Sunda slow lorises are omnivores. They eat sap, floral nectar and nectar-producing plant parts, and fruits. They also consume gums and arthropods such as spiders and insects. Gum is taken by licking wounds on trees. Sunda slow lorises are also known to feed on mollusks, including the giant land snail, and birds' eggs.

Mating Habits

192 days
1 infant
16-27 months

In the wild, the mating system of the Sunda slow loris is thought to vary between populations. These primates are polyestrous, having many breeding periods during the year. The gestation period usually lasts about 192 days, after which one infant is born, although twinning has been observed. Baby slow lorises are weaned from their mother at 3-6 months of age and become independent when they are between 16 and 27 months old. Reproductive maturity is reached between the ages of 18 and 24 months in females and can be reached by 17 months in males.


Population threats

The Sunda slow loris is threatened with extinction due to growing demand in the exotic pet trade and has become one of the most abundant primate species on sale at Indonesian pet markets. Its teeth are often pulled out before being sold as pets which can result in infection and/or death, this process makes reintroduction to the wild impossible. It also suffers from habitat loss, which has been severe in the areas in which it is found. Sunda slow lorises are further threatened by gathering for illegal traditional medicine. Their fur is reported to heal wounds, the flesh to cure epilepsy, eyes are used in love potions, and the meat is reported to cure asthma and stomach problems.
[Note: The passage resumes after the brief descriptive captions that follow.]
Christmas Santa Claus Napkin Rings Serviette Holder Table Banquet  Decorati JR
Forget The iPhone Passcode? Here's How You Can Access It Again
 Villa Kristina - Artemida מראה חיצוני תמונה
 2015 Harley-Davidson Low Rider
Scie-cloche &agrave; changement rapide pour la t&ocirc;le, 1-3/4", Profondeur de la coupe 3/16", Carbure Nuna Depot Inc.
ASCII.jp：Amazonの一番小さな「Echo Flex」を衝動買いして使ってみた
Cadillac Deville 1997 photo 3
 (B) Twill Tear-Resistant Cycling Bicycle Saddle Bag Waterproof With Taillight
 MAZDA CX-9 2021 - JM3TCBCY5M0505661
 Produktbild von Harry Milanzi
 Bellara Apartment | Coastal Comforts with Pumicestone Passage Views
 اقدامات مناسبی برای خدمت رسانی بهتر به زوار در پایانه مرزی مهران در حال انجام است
They are also killed as crop pests.

Population number

The IUCN Red List and other sources don’t provide the number of the Sunda slow loris total population size. Currently, this species is classified as Endangered (EN) on the IUCN Red List and its numbers today are decreasing.

Fun Facts for Kids

  • The Sunda slow loris is commonly known as malu-malu, meaning "shy" in Indonesian, and also as bukang or Kalamasan. It is sometimes called Kuskus, because local people do not distinguish between the slow loris and Cuscus, a group of Australasian possums. In Malaysia they are sometimes known as kongkang or kera duku; 'kera' is Malay for monkey while 'duku' is the fruit-bearing tree. In Thailand, this adorable primate is called ling lom (ลิงลม), which translates as "wind monkey".
  • The Sunda slow loris has a toothcomb, six forward-facing teeth on the bottom jaw, which includes the lower incisors and the canine teeth. The structure is generally used for grooming and to scrape off gum when foraging.
  • The Sunda slow loris is the only venomous primate in Singapore. Like other lorises, it excretes a strong-smelling liquid from glands on the insides of its elbows which is used in communication but it is toxic to humans. The gland is licked to spread scent across their bodies and those of their infants using the toothcomb while grooming.
  • The Sunda slow loris may grin or bare its teeth. When stressed, infants may grin, while adults bear their teeth to show aggression or fear, but also during play.
  • One major distinguishing feature between all loris species is locomotion: the Sunda slow loris moves slowly through trees on all four limbs, typically with three limbs attached to a support at a time. Its movement has been described as unique; similar to crawling, or as if it was climbing in every direction, the Sunda slow loris changes direction or moves between branches with little noise or change in speed. It may also hang below a branch by one or both feet for long periods of time.